Basic Rhubarb Compote
6 cups fresh chopped rhubarb, washed
1/2 cup fresh orange juice
1/2 cup maple sugar or brown sugar
Combine all ingredients in a medium heavy-bottomed saucepan. Bring to a boil over medium heat, stirring occasionally. Cover and simmer gently for about five minutes. Rhubarb will begin to soften. Uncover and continue to cook another five minutes.
Remove from heat, cool.
Makes about three cups. Will keep in fridge for up to two weeks (if it lasts long!)
Note: Add any of your favorite to this basic compote recipe. Strawberries and rhubarb are best friends, but peaches or cherries would also work.
2 1/4 pounds rhubarb
3/4 cup granulated sugar
Trim ends from rhubarb and slice stalks into 2 inch x 1/4 inch batons. Place cut rhubarb in a large stainless stockpot or dutch oven. Toss rhubarb with sugar. Cover and let rhubarb macerate for 4 hours to release its liquid. ( I occasionally stirred the rhubarb during this maceration phase.)
After 4 hours, place pot holding the rhubarb (and all of its released liquid) onto the stove top. Turn the flame to medium-high. Stir regularly while bringing the pot to a boil. Once boiling, count to 10 and remove the pan from the heat. (If you cook the rhubarb any longer, the fibers really break down and the consistency gets soft and mushy like stewed rhubarb.)
Using a slotting spoon, immediately place rhubarb into jars and pour liquid over the top. Seal jars. Let jars cool to room temp and rest for 12 hours. Your canned rhubarb will keep in the fridge for up to two weeks.
To preserve canned rhubarb for an extended period, you’ll want to immerse sealed jars into a water bath for 15 minutes, to ensure jars form a tight seal.
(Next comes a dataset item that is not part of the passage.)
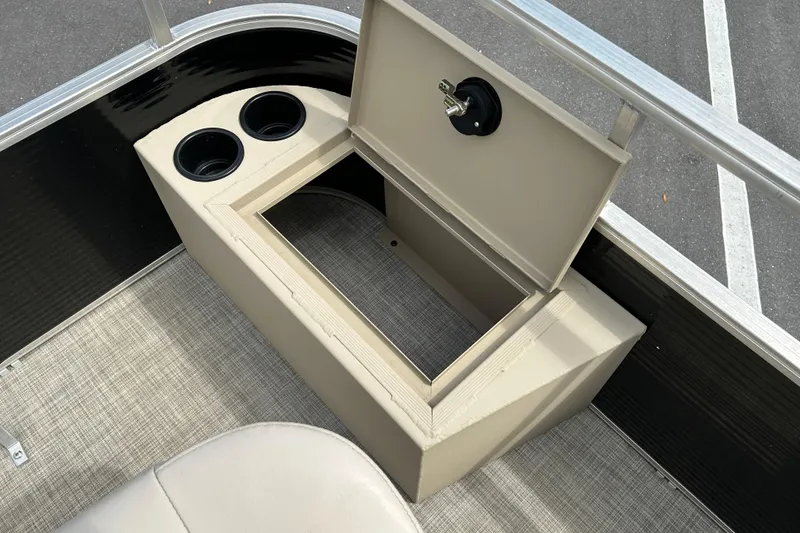 Slide: The Image of 2023 Lowe Ultra 162 Fish & Cruise boat storage compartment with cup holders. - 14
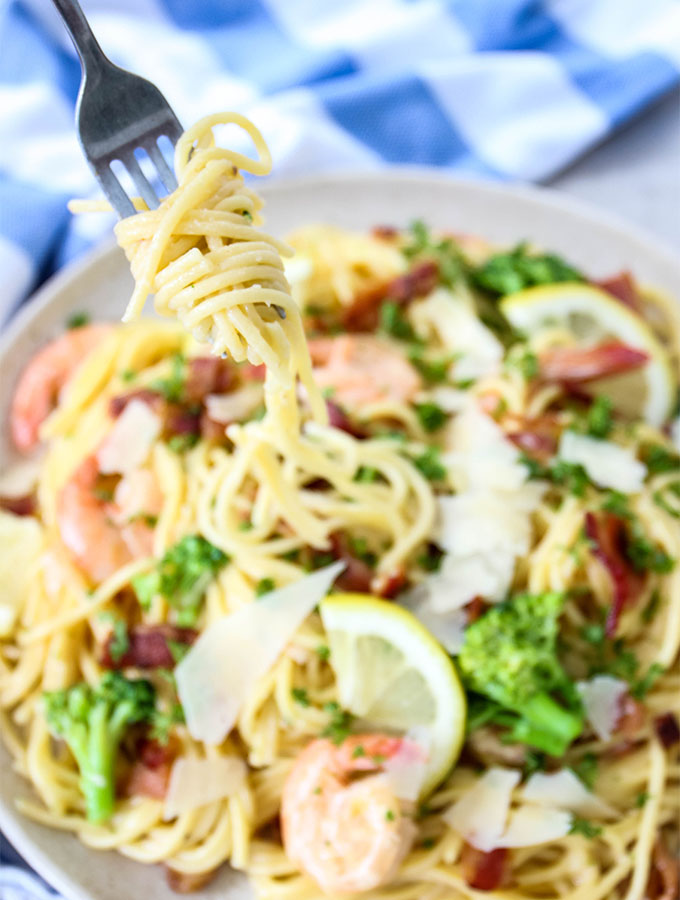 Creamy Bacon and Shrimp Scampi is twirled on a fork for a closeup shot.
4 1/2 cups chopped rhubarb
2/3 cups white sugar
1/3 cup water
2 tbsp. butter
1 tsp. vanilla extract
Combine the rhubarb, water and sugar and place in the crockpot. Cover and cook on low setting for 6-7 hours. Turn off the crockpot, add butter and vanilla. Combine well. Allow to cool before spooning into jars. Serve chilled.